Moreover, the concept of the anarchive highlights the mutual influence, rather than the linear causality, of different phases in the performance, reflection, and documentation of Variations. It provides a way to connect my collaboration with the notation, Patterson, and you, the readers of this exposition, more directly than my previous work in ‘Tactile Paths’.

 

In the rest of this exposition, then, I will explore the process of anarchiving (in) my performances of Variations, followed by its analysis. It is not my intention here to elaborate the mutual relevance of the concept of the anarchive and Variations, or experimental music notation in general, per se.21 Rather, I will perform an act of anarchiving for and with you, passing through Variations, documentation of my performances, and ‘Tactile Paths’.

 

 

Exposition Structure

 

The structure of the exposition revolves around the seventeen variations in Patterson’s piece, with each page corresponding to a specific variation. There the viewer will find video documentation of the variation in question, extracted from three separate performances (in 2009, 2014, and 2015) that are shown in their continuous entirety on this introductory page. (Pages corresponding to variations that I did not play in concert contain the notation instead.)

 

The videos all play automatically and overlap each other. This is meant as a way of drawing attention to similarities and differences between multiple performances that might ordinarily escape notice if the videos were presented one-by-one. The ensuing polyphony of incidental sounds, acts of ‘preparation’22, temporal differences between performances, things going ‘wrong’, I hope these help the viewer to make new (non)sense of the documentation in a way that exceeds my own engagement with the work. While the excess of material here may seem daunting, I encourage the viewer to take in the ensemble in its entirety at first, without trying to parse individual sequences or relate them immediately to the score. A concentrated viewing of each video is not necessary for a complete experience of the exposition. However, the occasional repeated viewing of individual videos or moments with the others on PAUSE may be of interest, particularly for specialists. 

 

Each variation also contains verbal texts that move between analytical reflections and performance instructions for the reader. These intersect, both within and across variations.
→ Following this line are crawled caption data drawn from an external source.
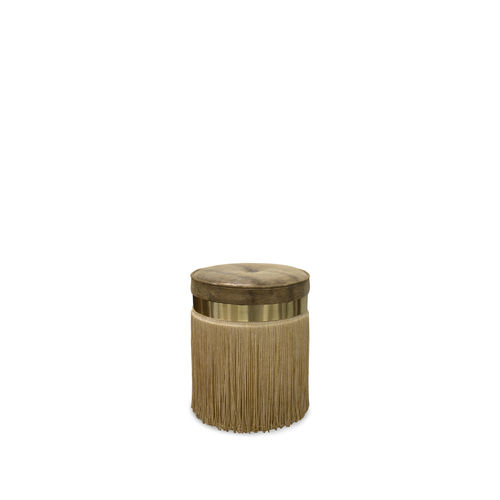 Pouf classique - ISABELLA - KOKET Love Happens - en velours / en cuir / en laiton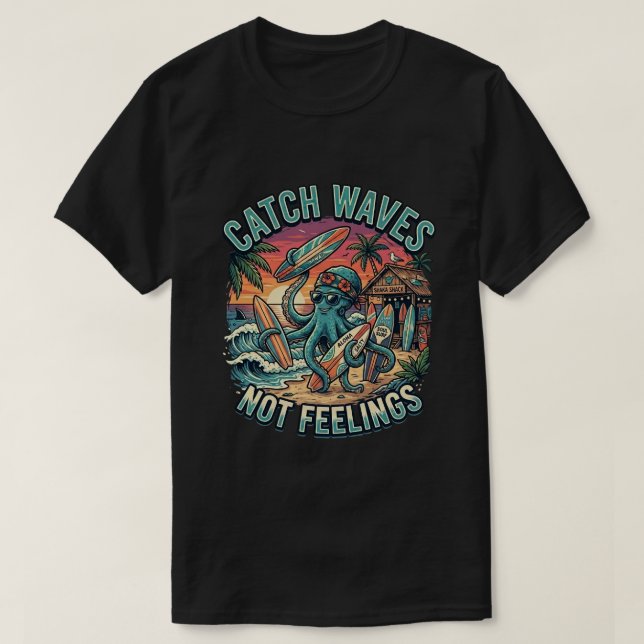T-shirt Plage de la Pieuvre Cool Île Attraper Vagues Été (Design devant)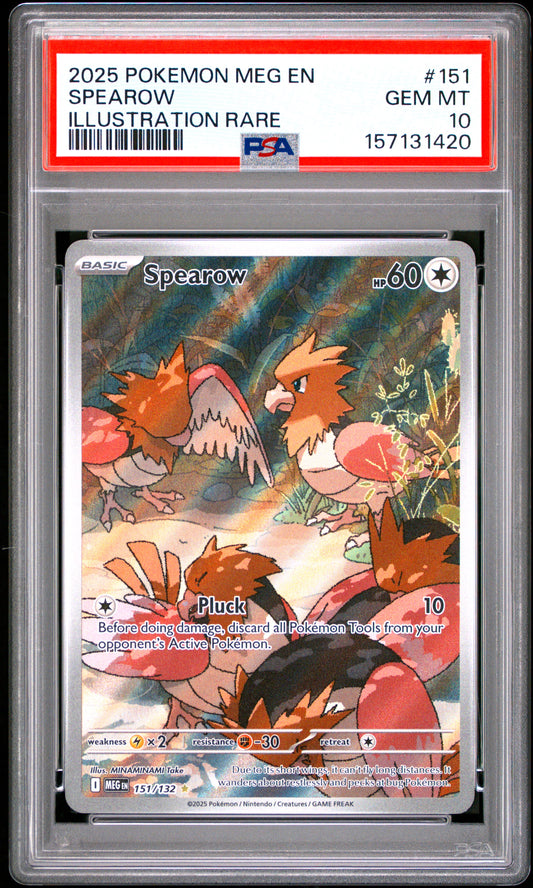 2025 POKEMON MEG EN-MEGA EVOLUTION SPEAROW #151 ILLUSTRATION RARE PSA 10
Some lines of thought begin and end in a single variation, others begin in one variation and reemerge in other variations. 

 

The analytical texts consist principally of reworked fragments from my chapter on Variations in ‘Tactile Paths’. As I explain above, that chapter proceeds in a linear fashion. It develops an entextual view of Variations by abductively examining the granular content of the score, the historical context of that content, the instructional value of the context, and the performer’s preparatory work. My intention was to present a kind of analogue to what, in my experience, a critical performer might deal with when finding her way through the piece, and so carrying forth Patterson’s threads analytically. Here, however, I have no such pretensions. Instead, I wish to fold these lines of inquiry back onto themselves, using them as a ‘lure for further processes’ in tandem with the videos.

 

I encourage the reader to take some of the performance instructions literally, paying close attention to the empirical particulars of the process. They hint at the questions I worked through in realising Variations, questions that may help non-performers to reimagine this process of discovery for themselves. Performing the instructions mentally can also act as ‘preparation’ for viewing the videos, transforming the viewing process and encouraging an exploration of contingency — much like an object placed onto a bass string.

 

In a nod to Manning and Massumi, I imagine that the interplay between these three sorts of anarchives — videos, texts, and score — constitutes a meta-performance, an anarchive in itself:


the anarchive is by nature a cross-platform phenomenon. It is activated in the relays: between media, between verbal and material expressions, between digital and off-line archivings, and most of all between all of the various archival forms it may take and the live, collaborative interactions that reactivate the anarchival traces, and in turn create new ones.23

 

I hope the reader-viewer-listener's live, collaborative interactions with this exposition will not only reactivate anarchival traces in Variations, but also show how documentation and analysis in the spirit of the anarchive can animate experimental (musical) practice beyond the immediate platform in unexpected ways.

 


  1. Fluxus is (or, according to some, was) a heterogeneous network of artists including Patterson, George Brecht, Geoff Hendricks, Dick Higgins, Alison Knowles, Yoko Ono, and many others, and was ‘founded’ in the early 1960s by George Maciunas. Fluxdaughter and historian Hannah Higgins states, ‘Since Fluxus artists never seem to agree on anything, Fluxus has become “a pain in art’s ass,” in the words of Fluxus artist Ben Vautier. Neither the style nor the substance or significance of what they do produces consensus among the artists. Production ranges from minimal performances, called Events, to full-scale operas, and from graphics and boxed multiples called Fluxkits to paintings on canvas. The artists come from almost every industrialized nation, they span several generations, and many even dislike each other. Accurately portraying Fluxus therefore requires thinking about art in a way that forgoes the normally definitive terms of style, medium, and political sensibility.’ Hannah Higgins, Fluxus Experience (Berkeley: University of California Press, 2002), p. xiii.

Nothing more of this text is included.